• [Available data]
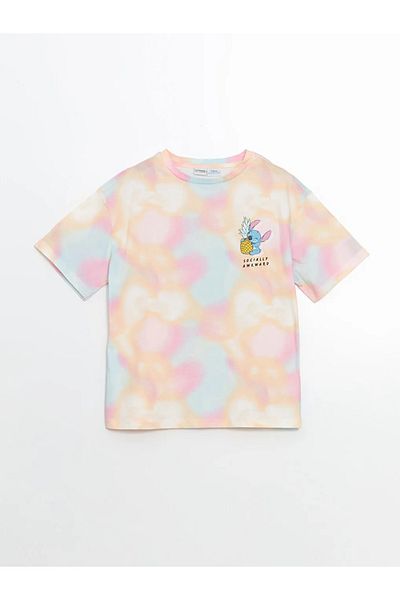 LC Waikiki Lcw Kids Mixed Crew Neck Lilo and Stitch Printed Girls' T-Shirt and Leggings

...

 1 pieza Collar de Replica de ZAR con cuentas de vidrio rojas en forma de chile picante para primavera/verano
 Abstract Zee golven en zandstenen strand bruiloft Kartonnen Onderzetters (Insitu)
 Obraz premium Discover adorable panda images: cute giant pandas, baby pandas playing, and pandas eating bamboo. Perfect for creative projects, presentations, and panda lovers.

* * *

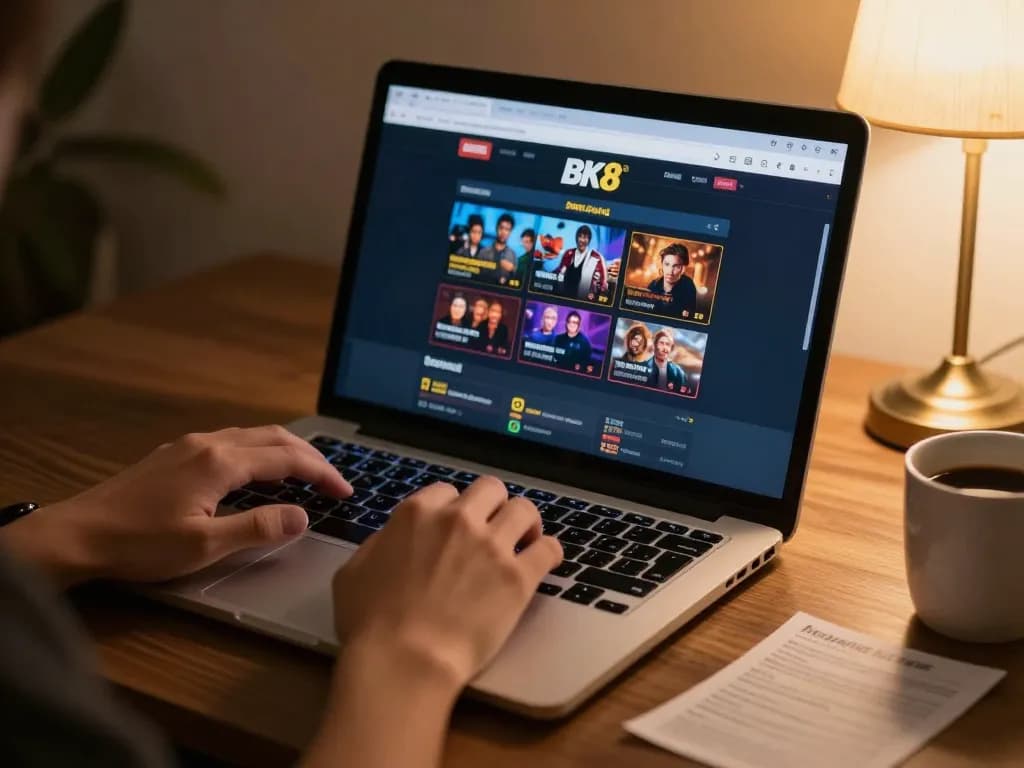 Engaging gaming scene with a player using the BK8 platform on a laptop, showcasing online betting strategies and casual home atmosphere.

• [What you have to do] Look through the entries above and quote exactly the lines from the line with "Abstract Zee golven" to the line with "Obraz premium Discover", counting both of those lines.

• [Written response]
 Abstract Zee golven en zandstenen strand bruiloft Kartonnen Onderzetters (Insitu)
 Obraz premium Discover adorable panda images: cute giant pandas, baby pandas playing, and pandas eating bamboo. Perfect for creative projects, presentations, and panda lovers.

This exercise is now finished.